Another snapshot, another locale, several years, thirty degrees of latitude, and a huge culture shift away from Prince George. An occasion I shared with you in an earlier sermon…that sultry summer day when me and another theological student, interning in the Caribbean nation of St. Vincent and the Grenadines, brought Communion to two housebound sisters in their tumbledown shack. Sitting around the table of their single room, saying the familiar prayers. And these women, impoverished and infirm, offering up to God those prayers of thanksgiving, along with a precious dollar coin in gratitude for the gift of Christ’s body and blood.
A final snapshot: Victoria, just before I began seminary, attending a conference at the Cathedral sponsored by a group with whose views I and some other attendees disagreed strenuously. Following an afternoon of heated exchanges and bickering, Bishop Barry Jenks, a former rector of this parish, came forward to celebrate a closing Eucharist. His calming presence, those familiar words of institution, “On the night he handed himself over to suffering and death…,” the response to the invitation, “The gifts of God for the people of God,” with a resounding “Thanks be to God!” the silent lining up and kneeling side by side as we partook of the one body and the one cup – all these things filled me with a feeling of the essential peace and unity that flows from such intimate fellowship. That intimate fellowship being our shared sacramental meal.

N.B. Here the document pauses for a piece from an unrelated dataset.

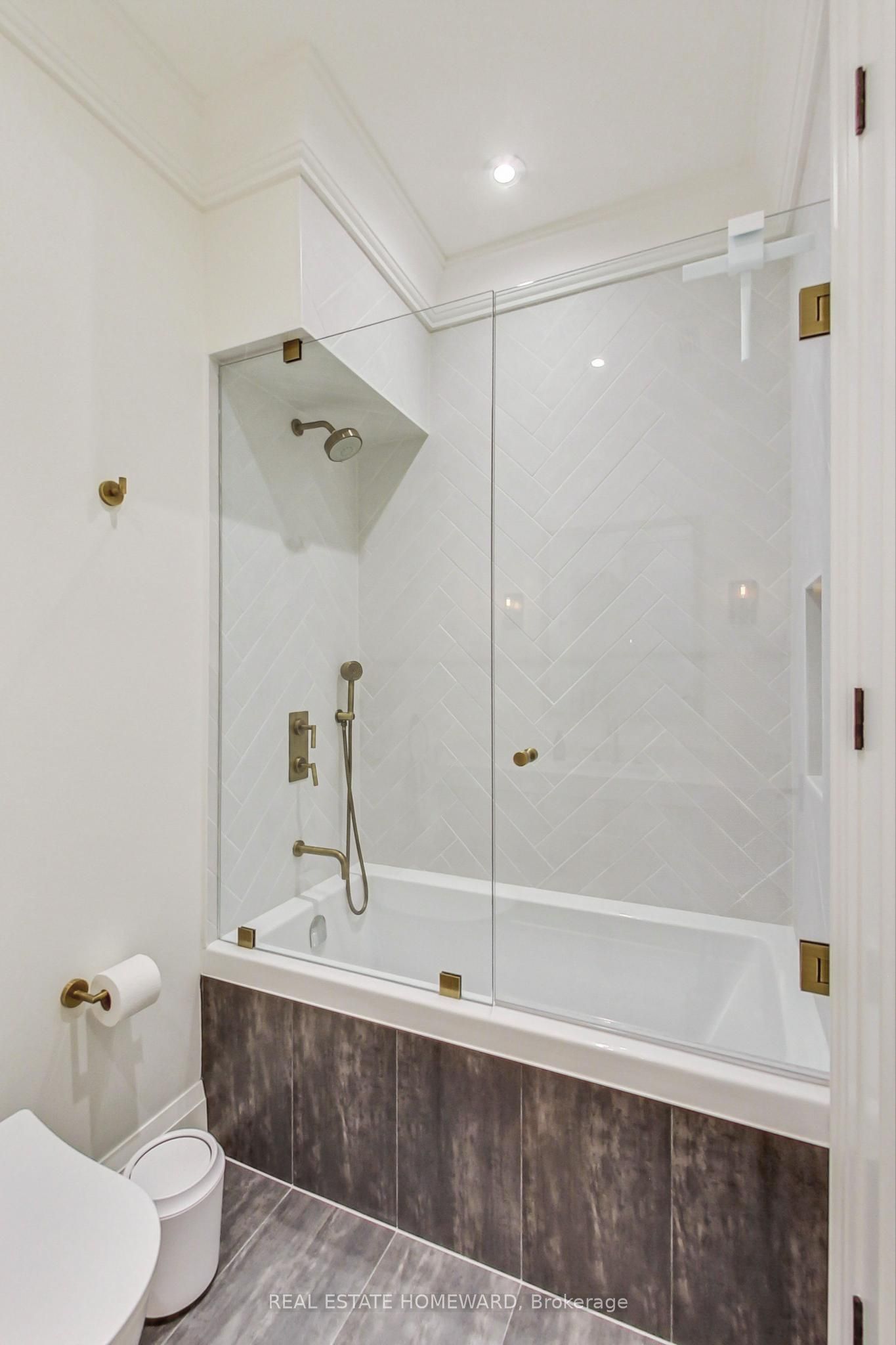 55 Harbour Square 3612 Property Photo 16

The spiritual nurture, renewal, and energy we experience when we take, eat, and drink these holy mysteries are a source of love. In them is the secret of our fellowship. In this meal is the source of our community, binding us as one family with those sisters in St. Vincent, with a congregation up north, with those Christians of like minds and those with whom we profoundly disagree, with the sick and the dying, prisoners and captives, Christians everywhere, of all stripes, of all times, past and present. It binds us with our ancestors and with our descendants. And it binds us to one another. The secret of these holy mysteries is Christ. Christ’s spiritual body is present in the bread and the wine, and that spiritual presence comes to us as divine love.
Unrequited love is love squandered. Let us pledge to return that love we have been freely offered. As we share this meal once again, let us recall the awesome nature of this gift as a memorial of Christ’s passion, as a foretaste of the banquet we will share with Him in heaven, and, above all, as food for the journey of love. Amen.